Todos lo saben, en Mérida llueve. Llueve casi todo el tiempo. Llueve torrencialmente, además. No es una “brisita” que cae por un rato. Es una rutina a la que, si no nos hemos acostumbrado, es por obtusos. Amanece un día de espléndido sol, salimos creyendo que es hora de guardar los paraguas y en el momento menos pensado, el cielo se descuaderna en un aguacero de pronóstico. Diario.
No me gusta mojarme con la lluvia. Es uno de mis mayores cochoflos, no tolero la lluvia si ando a la intemperie; ergo, salgo muy poco, sobre todo por las noches, hora favorita de aguacero. Prefiero quedarme encerrado en casa viendo partirse el cielo. Anoche, sin embargo, hice una de las excepciones que justifican la regla, y salí como a las 9 y media de la noche, en un receso que me dio el palo de agua. Era importantísimo que fuera a casa de un amigo a entregarle ciertos documentos, además, me había quedado sin cigarrillos y aunque estoy en plena cruzada de voy-a-dejar-de-fumar, aun no puedo dormir sabiendo que en mi mesa de noche no hay cigarrillos. Nada, que me tocó incursión nocturna por las calles de una ciudad completamente abandonada por el afecto de quienes deberían amarla porque la habitan.

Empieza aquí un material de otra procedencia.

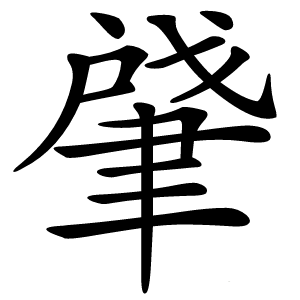 肈怎么读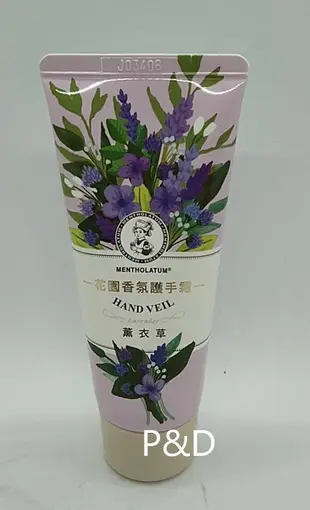 (P&D)曼秀雷敦花園香氛護手霜~Lavender 薰衣草 50G/支特價120元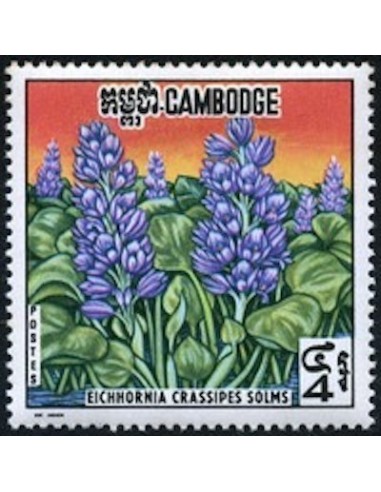 Cambodge N° 247 Neuf **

Pasear por Mérida, de noche, es algo que todos deberíamos hacer de cuando en cuando. Hacerlo, eso si, con los ojos abiertos y el corazón preparado. Ir a las avenidas del centro, estacionar (con grave riesgo) en alguna de las calles cercanas a la Plaza Bolívar y caminar un poco, con cuidado y en grupo, que la cosa no está para exponer la vida. Yo lo hice anoche (todo menos la caminata, me da verdadero pánico) y me pareció desolador; eso que tenía esta ciudad que la convertía en “bonita” se lo llevó el agua que baja caudalosa por avenidas estrechas y sin desagües. El centro de mi ciudad, es la sucia guarida de niños que deberían estar en la escuela, pero, que de noche, salen de sus madrigueras a sitiarnos, con su maldad menor de 14 años despertando entre los restos de una economía informal que nos ahoga formalmente. Están por todas partes, menoscaban espacio a otros seres de una noche que ellos controlan y, de dejarlo, dejarían a cualquier despistado con lo puesto.
Son ellos y el palo de agua; el que limpia el pavimento y nada más. Hay otra suciedad que a veces se antoja irremediable y no se lava con agua: la vida perdida de niños que deberían haber tenido padres que los cuidaran y estado que los protegiera. Tal vez, de haber sucedido, Mérida seguiría siendo la Ciudad de los Caballeros. O, por lo menos, fuera bonita.